:: Assigned task ::
Retype the line where "VESKOR Sillón madera maciza SWEDEN" appears and each line that follows it down to the last line of the records below. Leave the pictures out.

+--

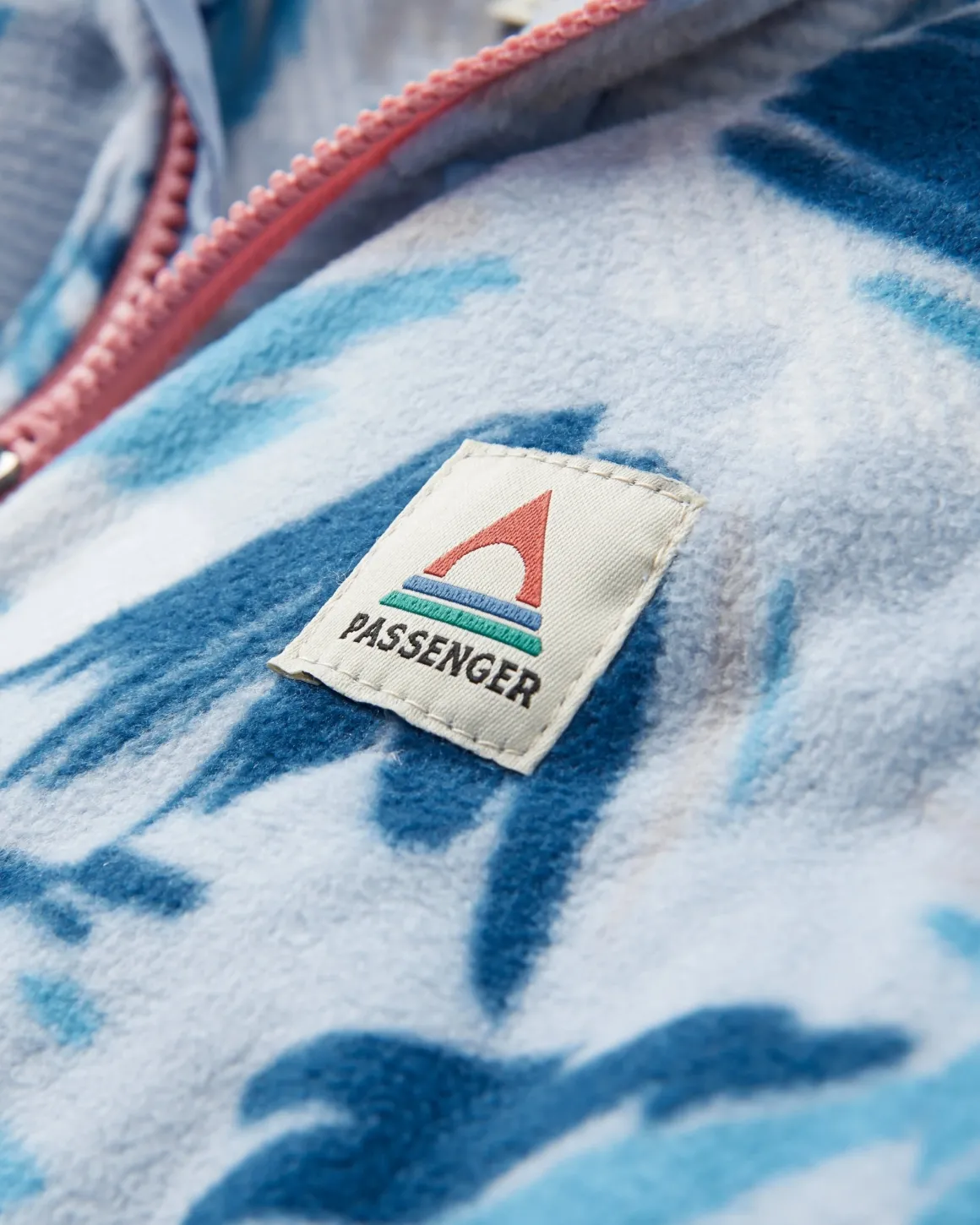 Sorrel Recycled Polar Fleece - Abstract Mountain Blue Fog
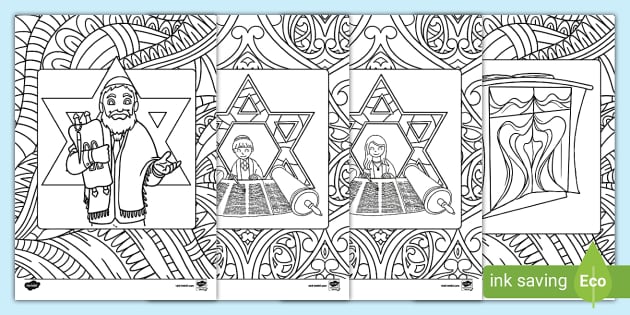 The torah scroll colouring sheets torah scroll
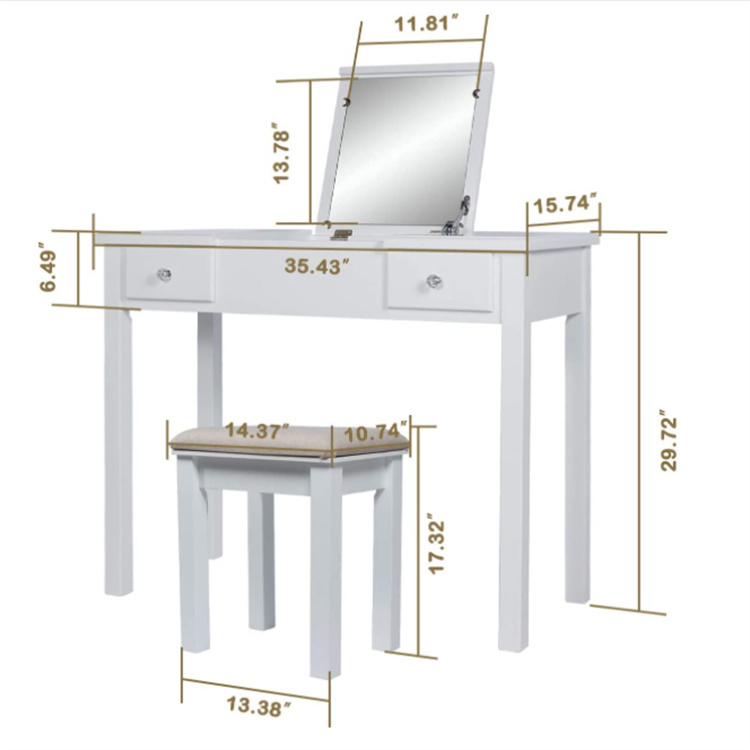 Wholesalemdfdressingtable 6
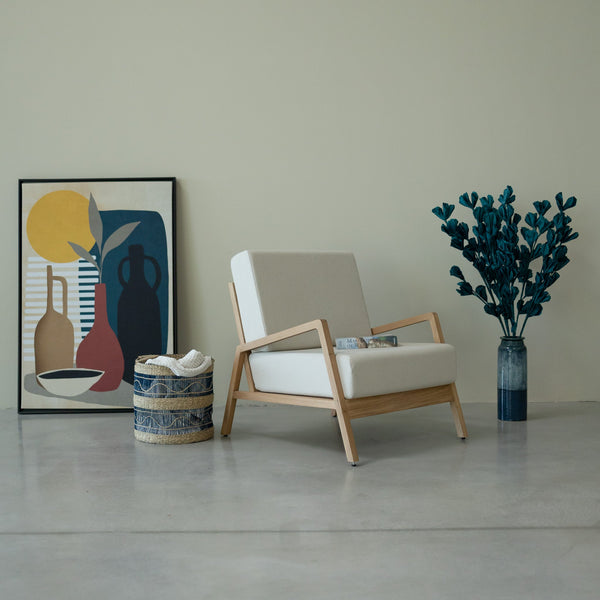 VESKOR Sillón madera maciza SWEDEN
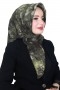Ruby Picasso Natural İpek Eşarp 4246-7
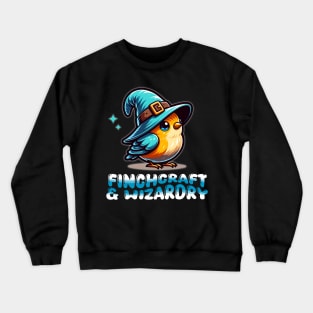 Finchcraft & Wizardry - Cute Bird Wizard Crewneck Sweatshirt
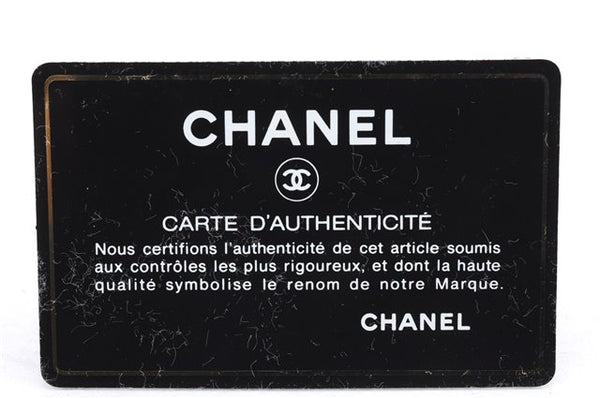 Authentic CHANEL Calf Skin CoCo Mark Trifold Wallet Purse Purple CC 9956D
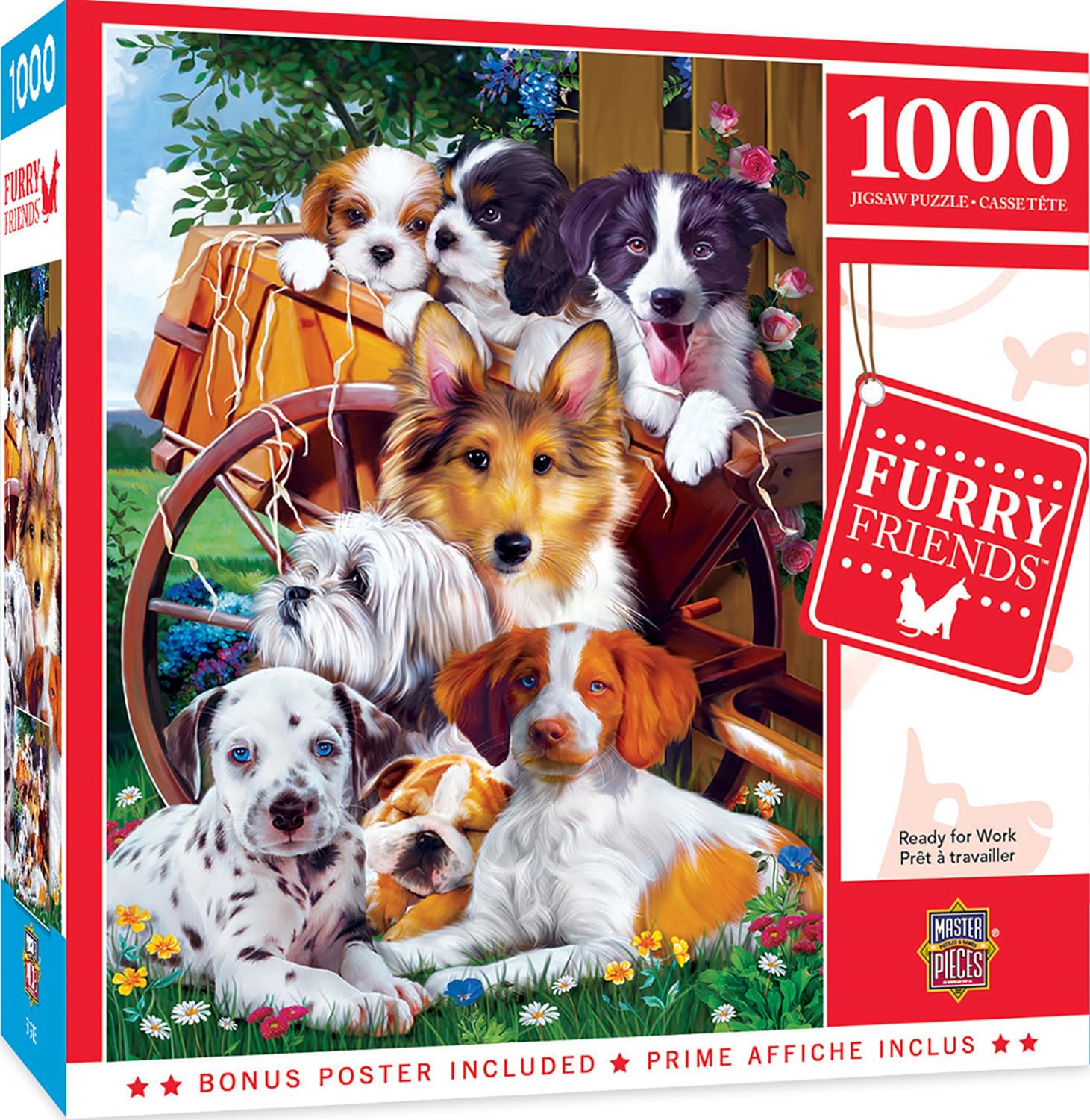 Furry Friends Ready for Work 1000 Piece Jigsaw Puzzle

+--

:: Task answer ::
 VESKOR Sillón madera maciza SWEDEN
Ruby Picasso Natural İpek Eşarp 4246-7
 Finchcraft & Wizardry - Cute Bird Wizard Crewneck Sweatshirt
 Authentic CHANEL Calf Skin CoCo Mark Trifold Wallet Purse Purple CC 9956D
 Furry Friends Ready for Work 1000 Piece Jigsaw Puzzle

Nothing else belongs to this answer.